Material provided →

((

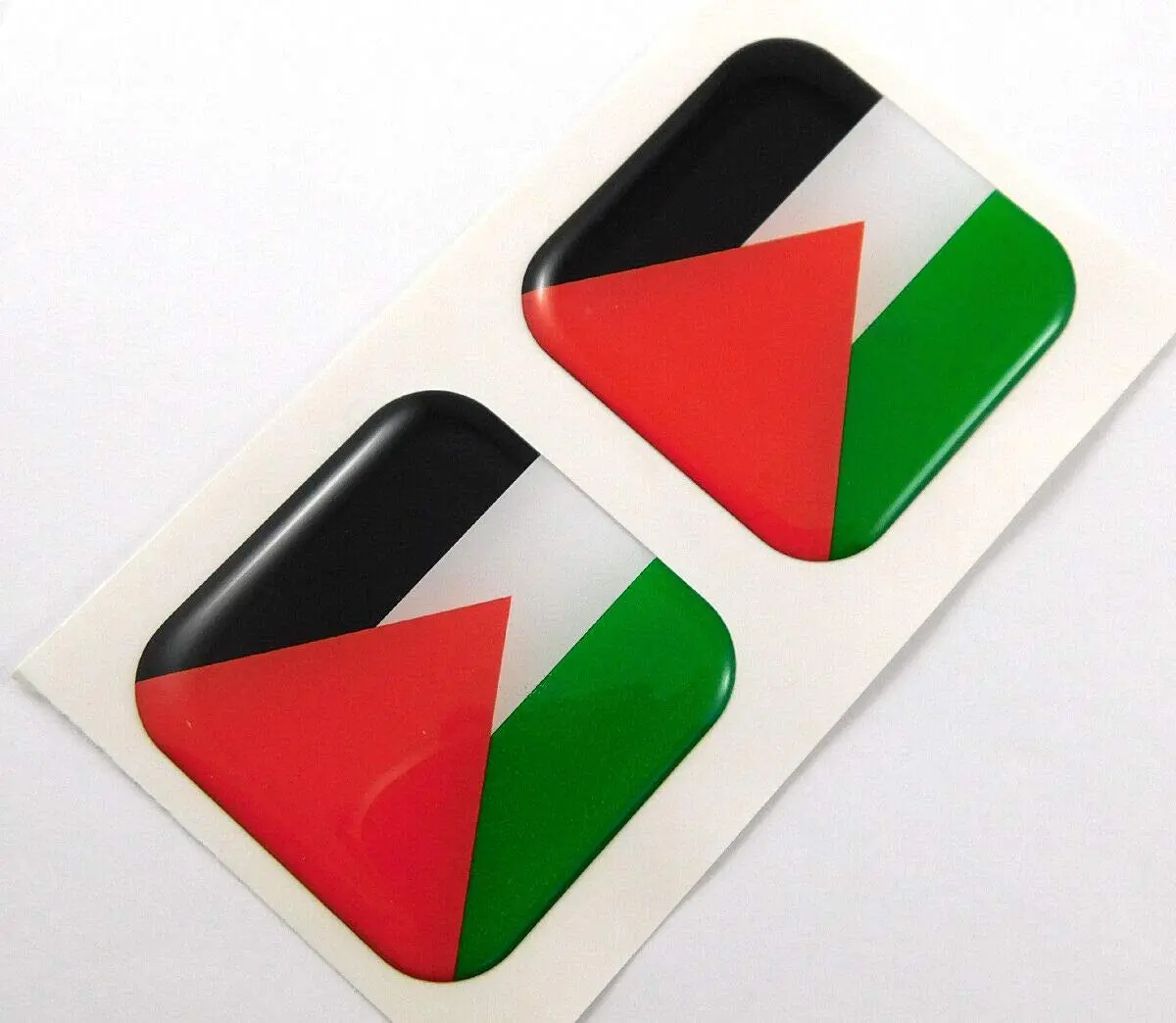Palestine Flag Square Domed Decal Car Bike Gel Stickers 1.5" 2Pc 1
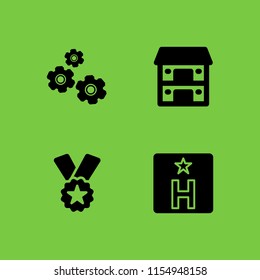 double icon. 4 double set with science icons, ribbon badge award and hostel vector icons for web and mobile app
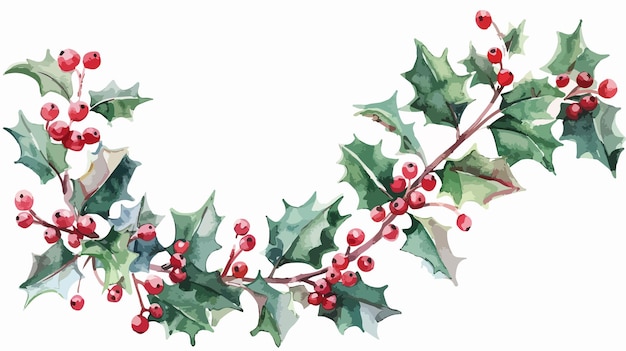 Vector christmas watercolor wreath of holly berries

))

Task → Your answer should contain all the material above, written out exactly, and none of the pictures.

Result →
Palestine Flag Square Domed Decal Car Bike Gel Stickers 1.5" 2Pc 1
 double icon. 4 double set with science icons, ribbon badge award and hostel vector icons for web and mobile app
 Vector christmas watercolor wreath of holly berries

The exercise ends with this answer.